I have a friend with three children. Two of the three are ill. Gravely ill. It’s a degenerative disease with no known cure, although through efforts of research and experimental medicine, “progress” and “hope” are words deeply engrained into their everyday lives.
Once she expressed a concern she had over elementary school boys making fun of her elder son. This mother, an educated woman, a sensible gal who had been around the proverbial block a few times, advised her troubled son that the next time some typically insensitive kid made fun of him—particularly for the way he walked with the slow limp of a fellow eight times his age—that he turn around, look the offensive kid straight in the eyes, and boldly tell him to FUCK OFF.
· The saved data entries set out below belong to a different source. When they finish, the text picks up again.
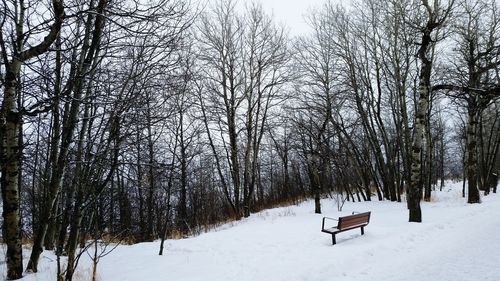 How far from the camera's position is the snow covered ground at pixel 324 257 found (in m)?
6.31

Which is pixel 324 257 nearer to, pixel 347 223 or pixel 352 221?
pixel 347 223

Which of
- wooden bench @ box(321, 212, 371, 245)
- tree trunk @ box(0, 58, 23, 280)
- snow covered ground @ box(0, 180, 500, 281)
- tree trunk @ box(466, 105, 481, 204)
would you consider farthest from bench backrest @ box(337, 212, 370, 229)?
tree trunk @ box(466, 105, 481, 204)

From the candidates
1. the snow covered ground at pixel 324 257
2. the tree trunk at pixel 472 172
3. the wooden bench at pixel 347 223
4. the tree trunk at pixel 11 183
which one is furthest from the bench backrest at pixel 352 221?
the tree trunk at pixel 472 172

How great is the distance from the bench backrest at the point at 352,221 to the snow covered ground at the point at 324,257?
0.43m

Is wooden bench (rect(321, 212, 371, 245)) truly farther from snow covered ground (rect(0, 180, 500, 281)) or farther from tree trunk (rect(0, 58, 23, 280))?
tree trunk (rect(0, 58, 23, 280))

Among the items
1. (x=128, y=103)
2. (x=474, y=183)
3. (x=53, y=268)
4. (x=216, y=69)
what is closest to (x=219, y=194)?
(x=216, y=69)

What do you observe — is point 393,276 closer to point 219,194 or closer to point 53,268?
point 53,268

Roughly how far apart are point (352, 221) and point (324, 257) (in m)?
2.39

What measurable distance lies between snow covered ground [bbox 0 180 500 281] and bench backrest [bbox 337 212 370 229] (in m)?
0.43

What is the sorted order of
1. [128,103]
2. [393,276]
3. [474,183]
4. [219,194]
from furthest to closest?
[219,194]
[474,183]
[128,103]
[393,276]

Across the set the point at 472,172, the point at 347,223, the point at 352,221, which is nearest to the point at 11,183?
the point at 347,223

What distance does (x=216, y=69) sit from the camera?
20.8m

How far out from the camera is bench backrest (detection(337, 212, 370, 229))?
930cm

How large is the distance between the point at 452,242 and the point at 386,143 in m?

When I heard her relate this story, my immediate reaction was to crack up laughing. I thought to myself: “Yes! That’s right! Tell this moron to “fuck off.” What does he/she know about the seriousness of being critically ill—of facing a life-threatening illness that makes you different, when all you want to do is be the same? I thought her advice to her son was bold and empowering, and I believe she went on to say that he gave it a try one day and it worked. All the more reason to smile. In my heart I knew if anyone had a right to scream those words, it was this child.
Anyone who has survived childhood—healthy or sick—knows that kids can be really mean. But damn, so can adults. I’m not suggesting it’s always appropriate to tell someone who is bothering you to “fuck off,” but if you feel you have good reason and it makes you feel better, why the fuck not?!